Los anuncios, lo mejor de la televisión
No parece tan buena idea la decisión por parte del Gobierno de retirar los anuncios publicitarios de la televisión pública. Para empezar, ésta debe tener anuncios porque pocas cosas hay más públicas que la publicidad, la propia palabra lo dice. La publicidad pertenece más que ninguna otra cosa al terreno de lo público.
La ecuación "publicidad igual a manipulación o baja cultura" es un reflujo de un pensamiento ilustrado, hoy insostenible. ¿Es más engañoso un anuncio que una novela? ¿No es acaso la publicidad parte ya de nuestro paisaje cultural? Borre la publicidad de su ciudad, y parecerá un pueblo medieval pero en pleno siglo XXI: una pérdida para la cultura tan irreparable como lo sería para la biodiversidad un bosque sin árboles. Las televisiones que emiten en abierto reproducen algo fundamental para el desarrollo de una sociedad: el cruce de niveles y referencias sociales, un carácter integrador, popular y orgánico, y eso, y no otra cosa, es lo que lleva a cabo la publicidad, un bien cultural por el que debería velar la televisión pública. Sin anuncios, la tele muta en un ente abstracto, irreal, separado de la vida, como la televisión pública francesa, a la que se ha tomado como referente. Cualquiera sabe que la televisión pública francesa es de las más irreales de Europa.
Para la cultura, borrar la publicidad sería una pérdida tan irreparable como la de los árboles para un bosque
Atrás quedó la época en la que las distopías se asociaban a la publicidad, típicamente ejemplarizadas por la película Blade Runner. Hoy esa sensación ha cambiado en el imaginario social. Algo sin publicidad nos parece fosilizado, un parón en el tiempo, materia de arqueología. El fotógrafo Thomas Demand nos presentaba en PhotoEspaña 08 escenarios cotidianos en los que toda marca comercial había sido borrada; parecían cementerios.

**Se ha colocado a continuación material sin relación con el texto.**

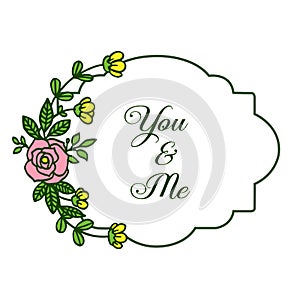 Vector illustration letter you and me for colorful wreath frame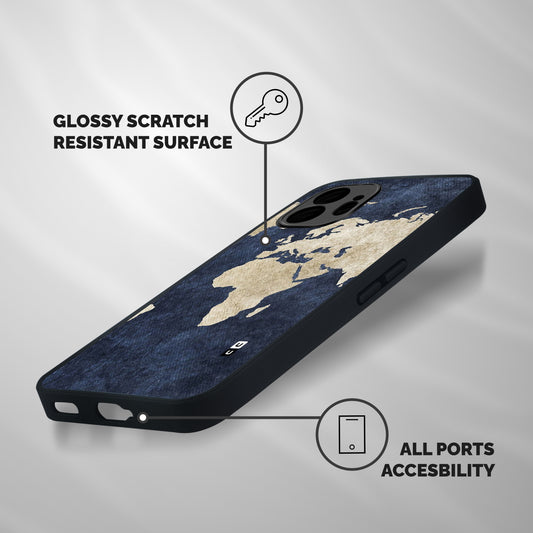 World Map Blue Gold Shockproof Hybrid Protection (Metal + TPU) Back Case Cover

Recientemente, la serie televisiva Betty constaba de dos escenarios principales, la oficina de Betty, sin publicidad ni huellas de consumo, que se nos revelaba de una hostilidad casi insoportable, y su casa, en la que existían todos los elementos publicitarios que cotidianamente nos acompañan en nuestros hogares, casa que irradiaba calidez, socialización.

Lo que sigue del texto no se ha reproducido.